==== Data shown ====

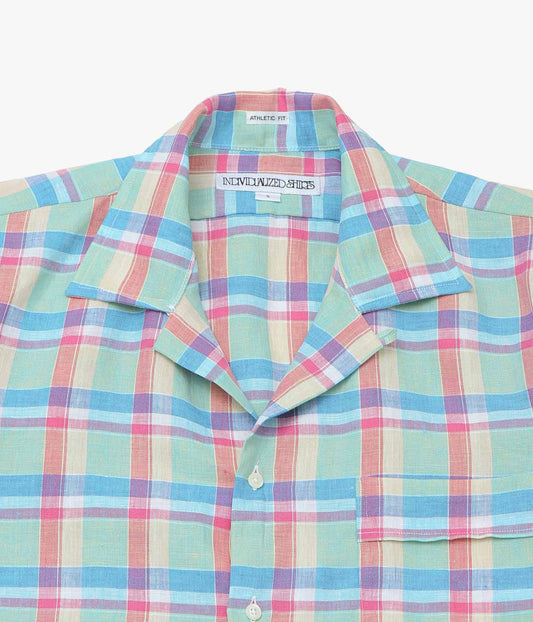 INDIVIDUALIZED SHIRTS ''PALM BEACH(ATHLETIC FIT CAMP COLLAR S/S) '' (MULTI)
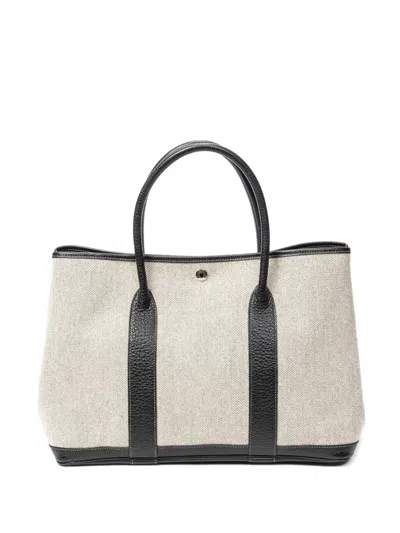 Pre-owned Hermes 2006 Pm Garden Party Tote Bag In Gray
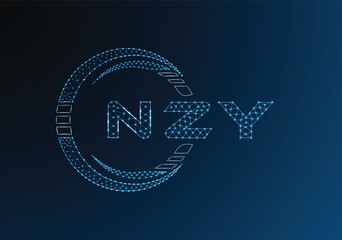 NZY low poly letter logo vector design. NZY lower poly logo design. Low poly logo.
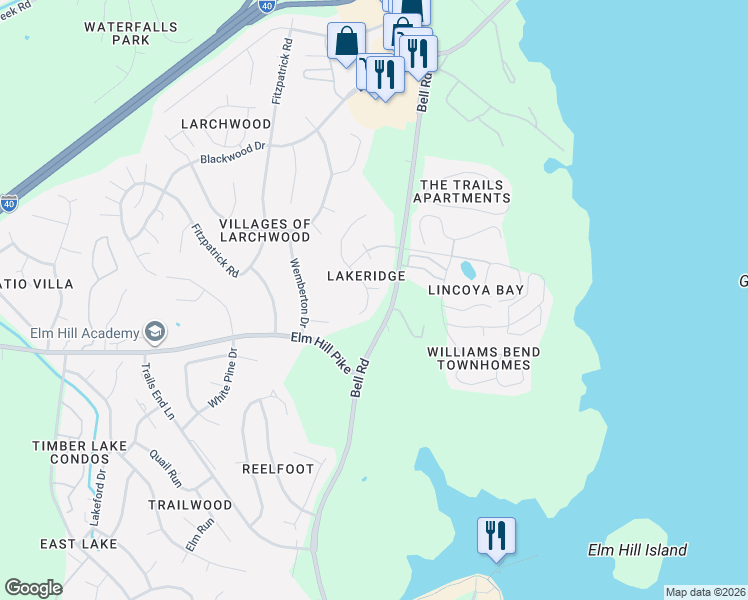map of restaurants, bars, coffee shops, grocery stores, and more near 3821 Lakeridge Run in Nashville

====

• [What is being asked]
An exact copy of the data above is required, printed without its pictures.

• [Solved problem]
 INDIVIDUALIZED SHIRTS ''PALM BEACH(ATHLETIC FIT CAMP COLLAR S/S) '' (MULTI)
 Pre-owned Hermes 2006 Pm Garden Party Tote Bag In Gray
 NZY low poly letter logo vector design. NZY lower poly logo design. Low poly logo.
map of restaurants, bars, coffee shops, grocery stores, and more near 3821 Lakeridge Run in Nashville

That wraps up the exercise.